Morphologically distinct sustained ventricular tachycardias in coronary artery disease: significance and surgical results
JM Miller,
MG Kienzle,
AH Harken,
and
ME Josephson
One hundred patients with drug-refractory recurrent sustained ventricular tachycardia associated with coronary artery disease who underwent mapping-directed subendocardial resection for ventricular tachycardia were retrospectively evaluated with respect to a number of morphologically distinct tachycardias on a 12 lead electrocardiogram. Of 91 operative survivors, 18 patients had only one configuration of tachycardia, whereas 73 (81%) had multiple distinct tachycardia configurations; 36 had multiple configurations clinically.

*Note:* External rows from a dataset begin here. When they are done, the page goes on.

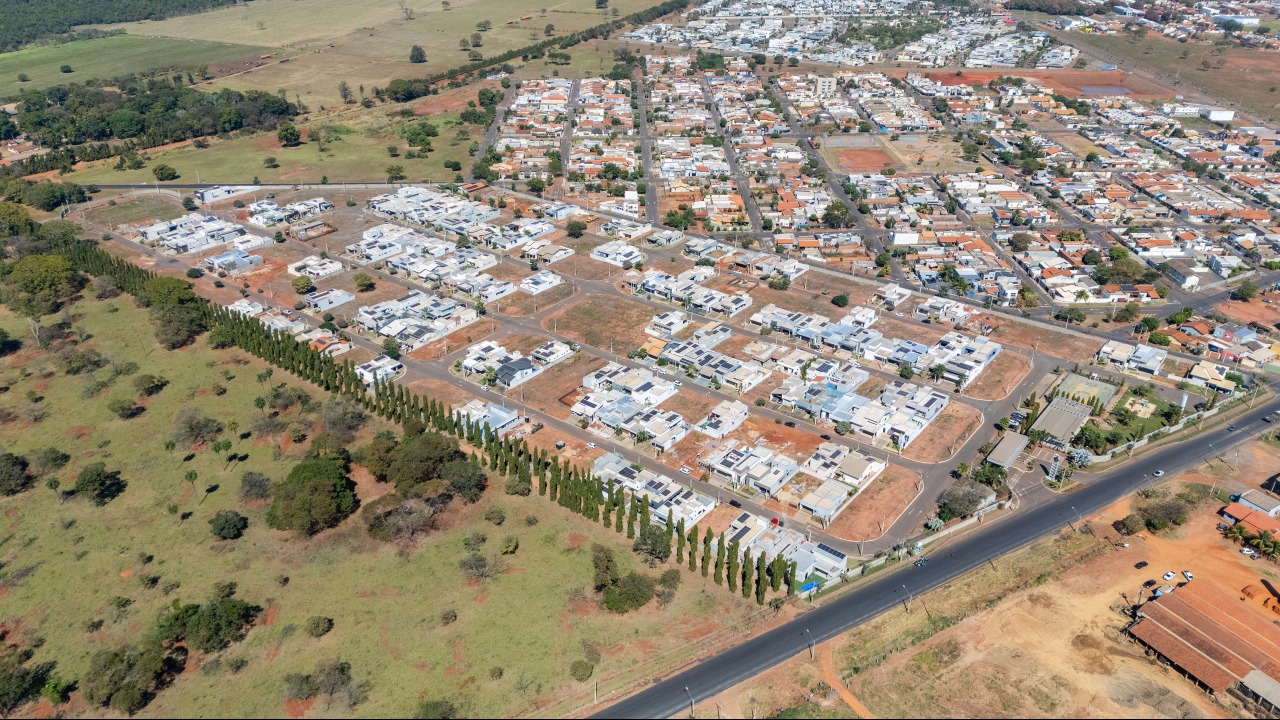 Casa em Condomínio à venda no Residencial Costa Leste: 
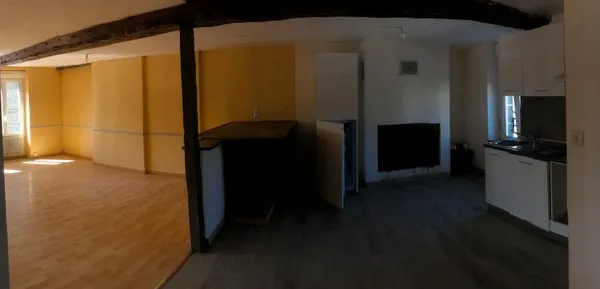 LOCATION logement au dessus commerce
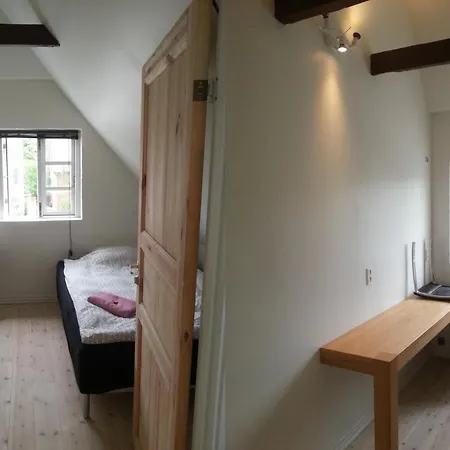 Qstay Bed & Breakfast 3*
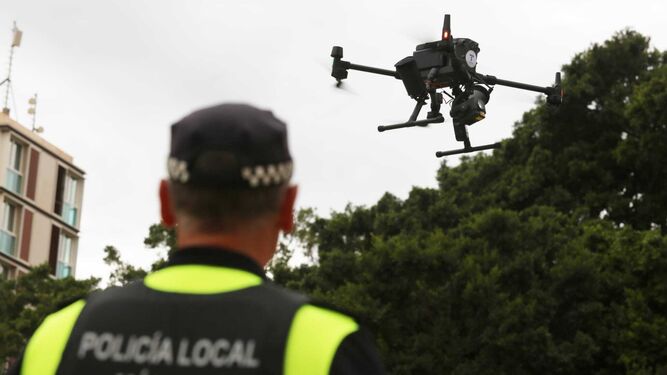 La Policía Local de Málaga prueba uno de los drones.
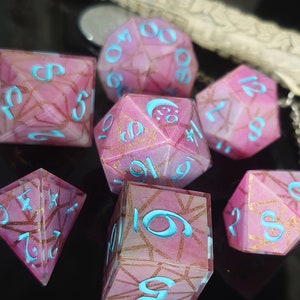 Pink Honeycomb - DnD Dice Set – 7 Piece Handmade Sharp Edge Polyhedral Resin Dice
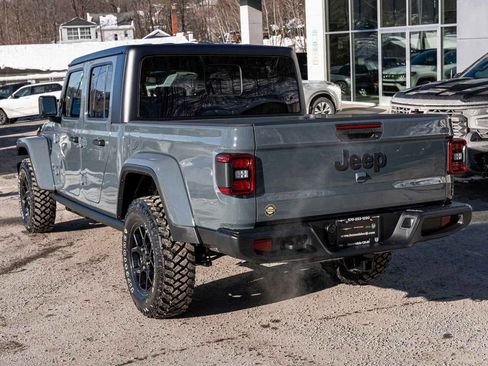 New 2026 Jeep Gladiator Sport AWD/4WD image 6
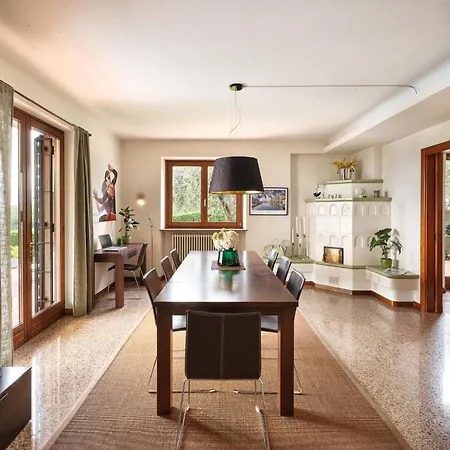 Celebrity - Regarda Travel Villa Lazise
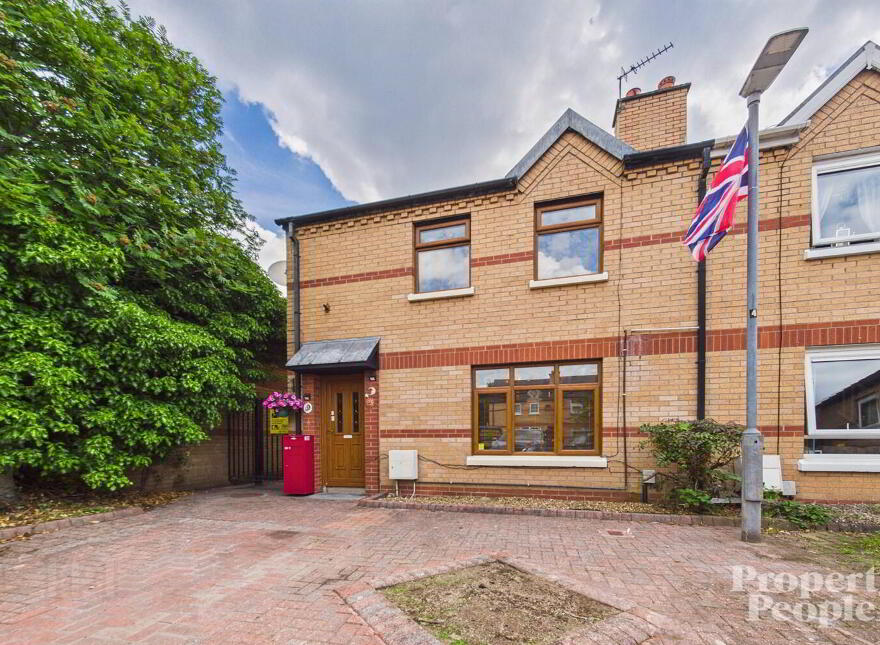 9 Lindsay Court, Belfast, BT7 1AU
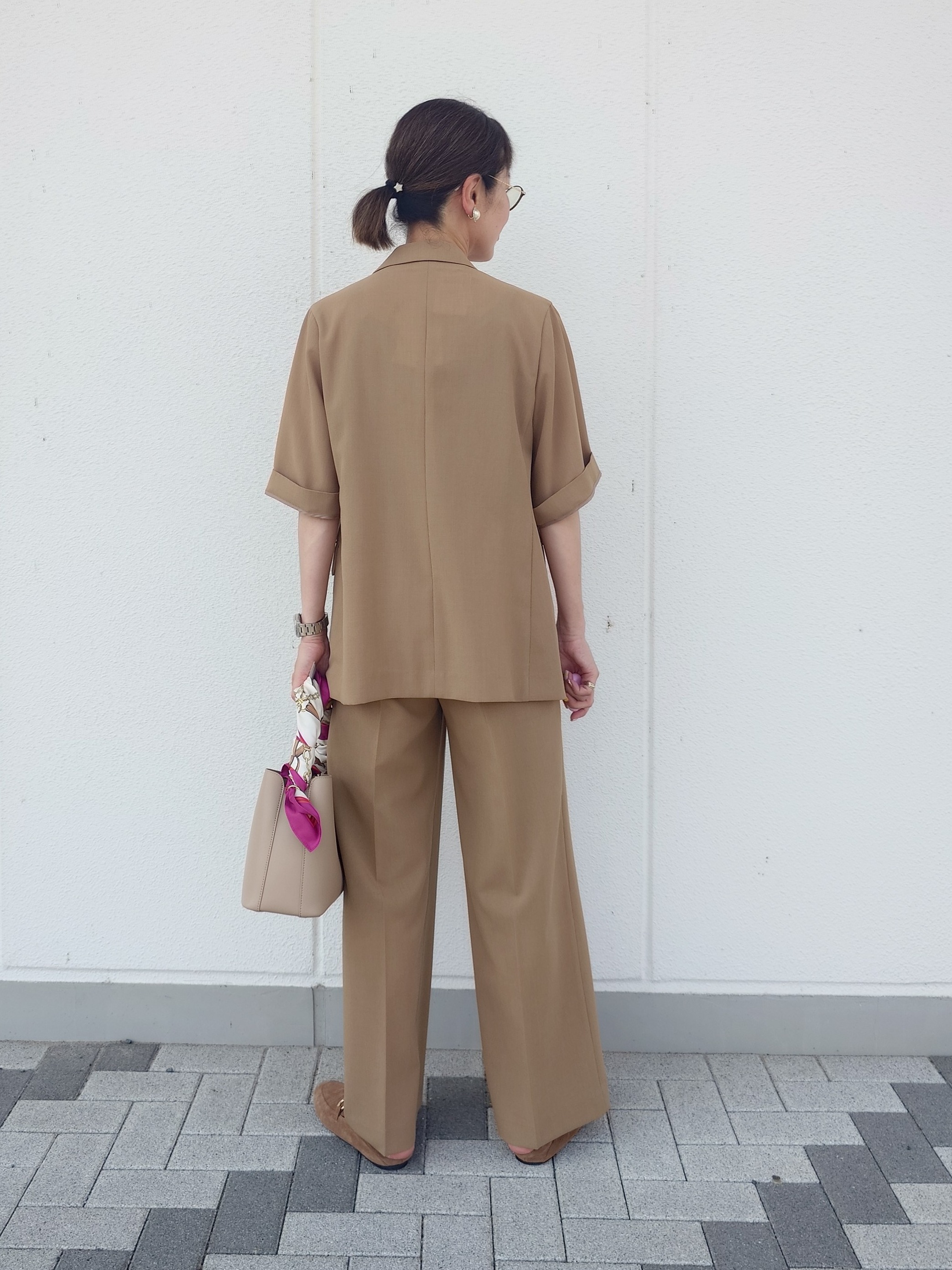 MUTSUKOさんの「UNTITLED｜【秋の通勤羽織/セットアップ可/UVカット】エアリークール半袖ジャケット」を使ったコーディネート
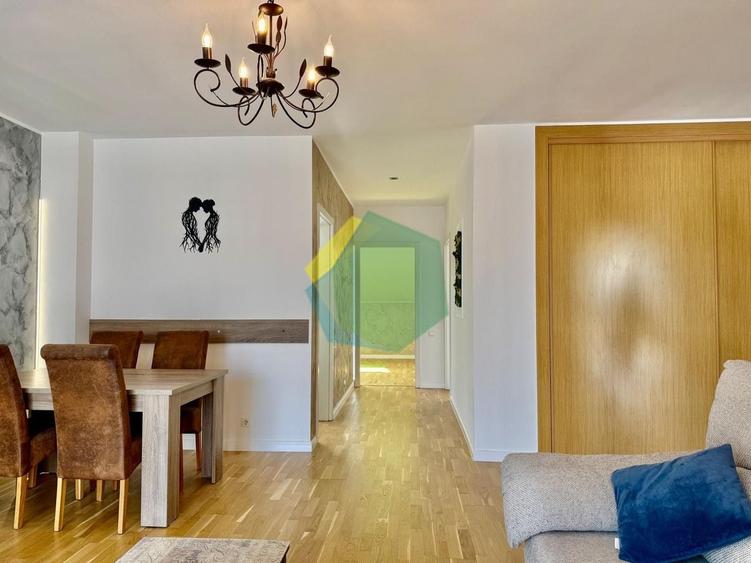 Apartament cu 3 camere decomandat în Central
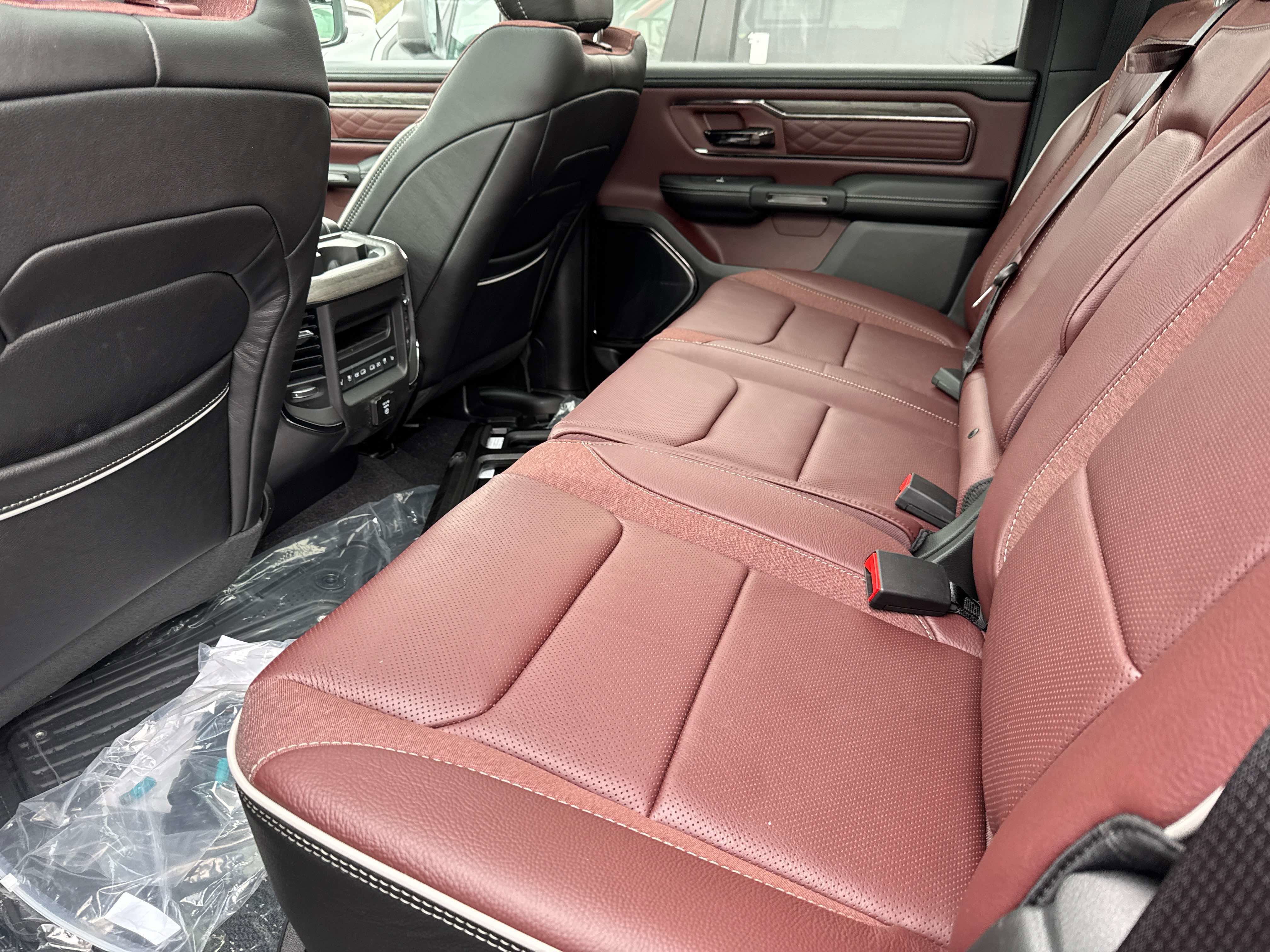 New 2026 RAM 1500 Limited AWD/4WD image 9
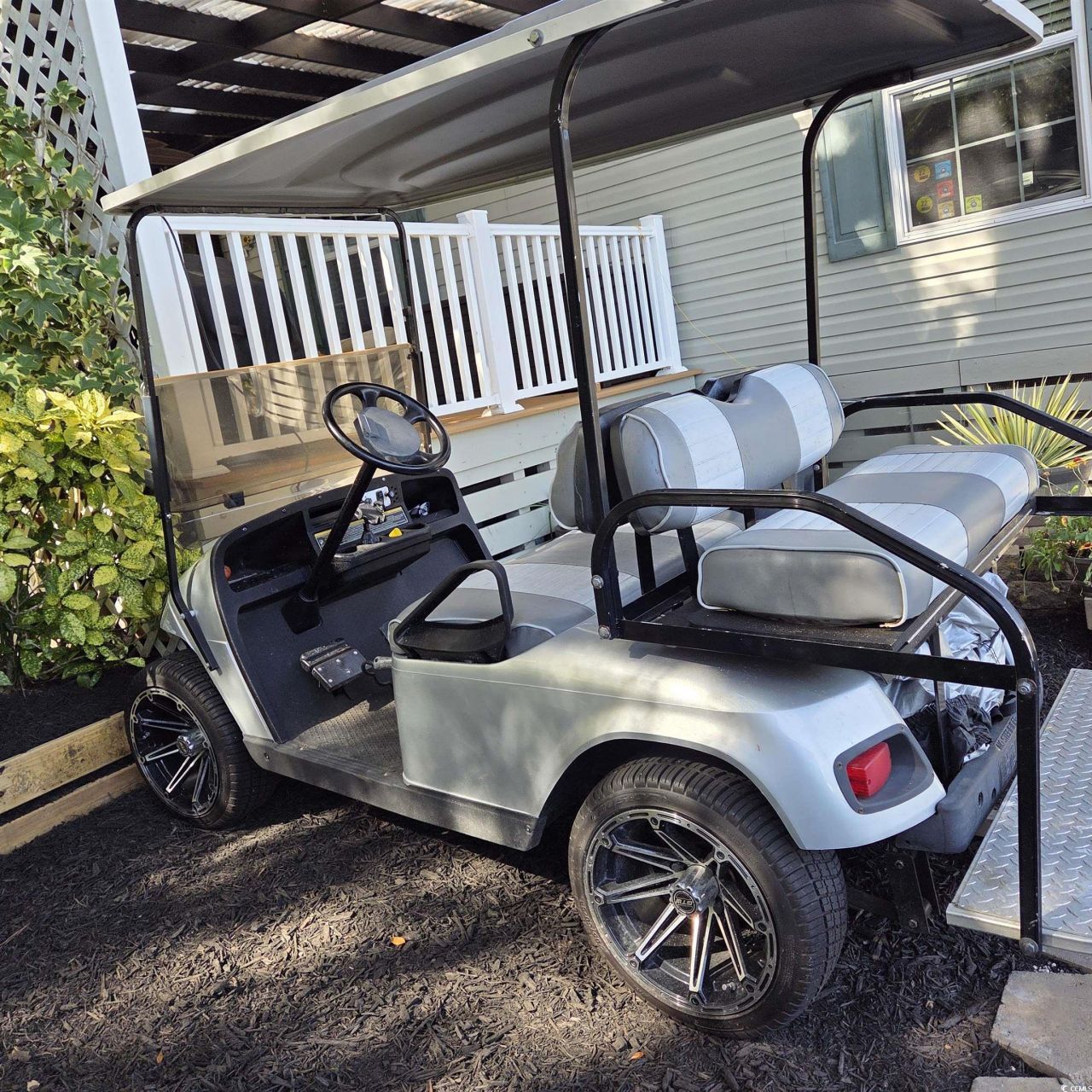 61 Saxon Ct. Photo 33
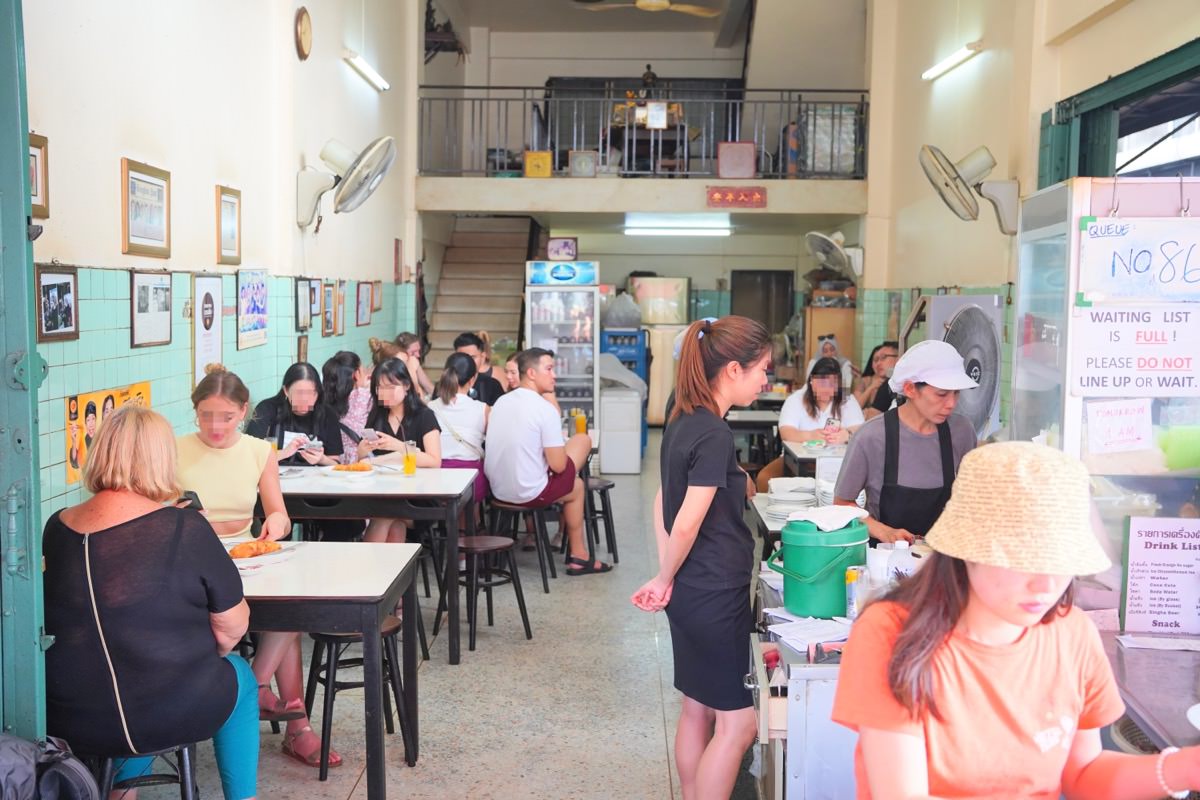 【曼谷美食推薦】THIPSAMAI Pad Thai鬼門炒河粉本店，漫步舊城區美味米其林必比登午餐享受～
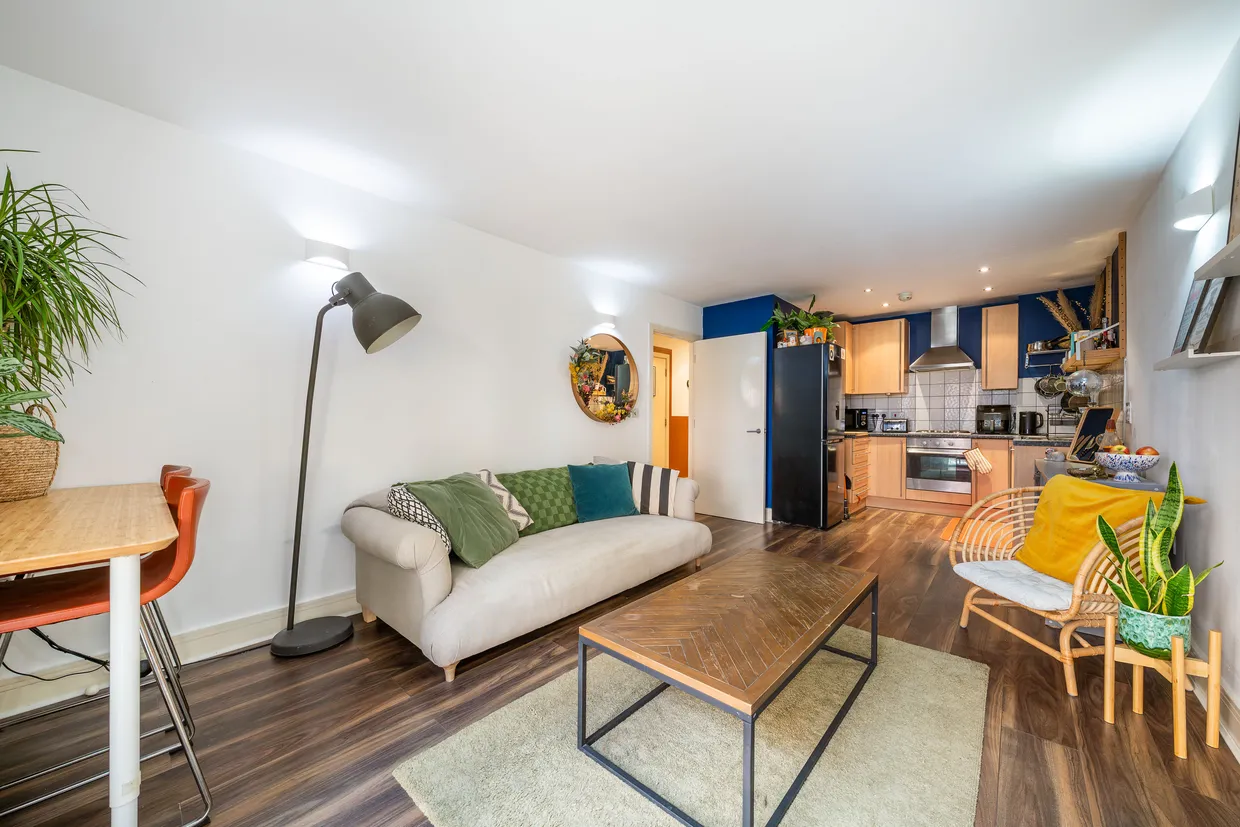 59 Lurline Gardens, London, SW11 photo 5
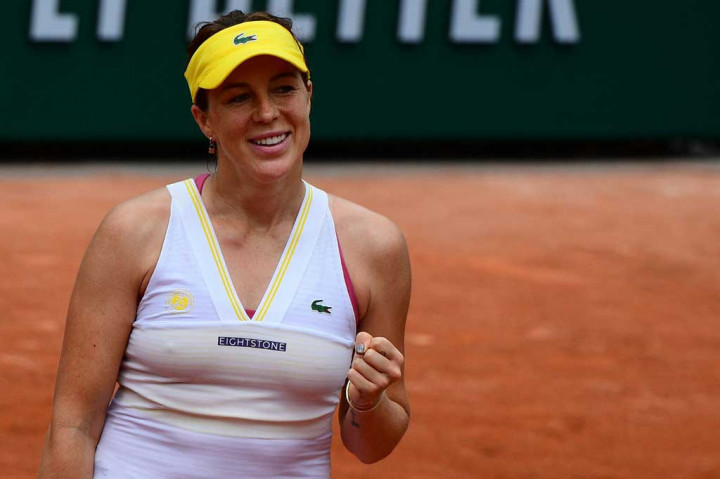 Cedera tersebut tidak mempengaruhi penampilan Pavlyuchenkova ketika dengan mudah menaklukkan sang lawan untuk merancang pertemuan dengan petenis Belarus Victoria Azarenka yang di pertandingan lainnya menundukkan petenis Amerika Serikat Madison Keys 6-2, 6-2.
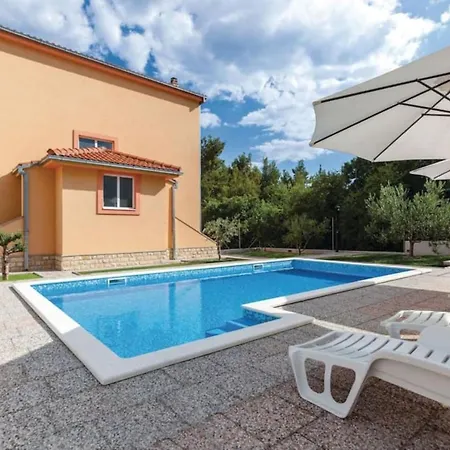 Sara Apartment Kastel Novi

Patients with multiple clinical configurations had a longer mean HV interval (65 +/- 11 versus 53 +/- 10 ms, p less than 0.005) and a higher failure rate of surgery alone (47 versus 25% for single clinical tachycardia, p less than 0.05). The 13 patients whose multiple clinical tachycardias originated in disparate sites in the heart (greater than 5 cm between sites of origin) were less often cured by surgery alone than were those whose multiple tachycardias originated in the same or adjacent sites (83 versus 38% failure rate of surgery alone, p less than 0.05). On the basis of mapping data, multiple configurations of ventricular tachycardia appear to originate in the same or adjacent sites in the majority of patients, although in 16% of patients with multiple tachycardias, the tachycardias originate at widely separated sites.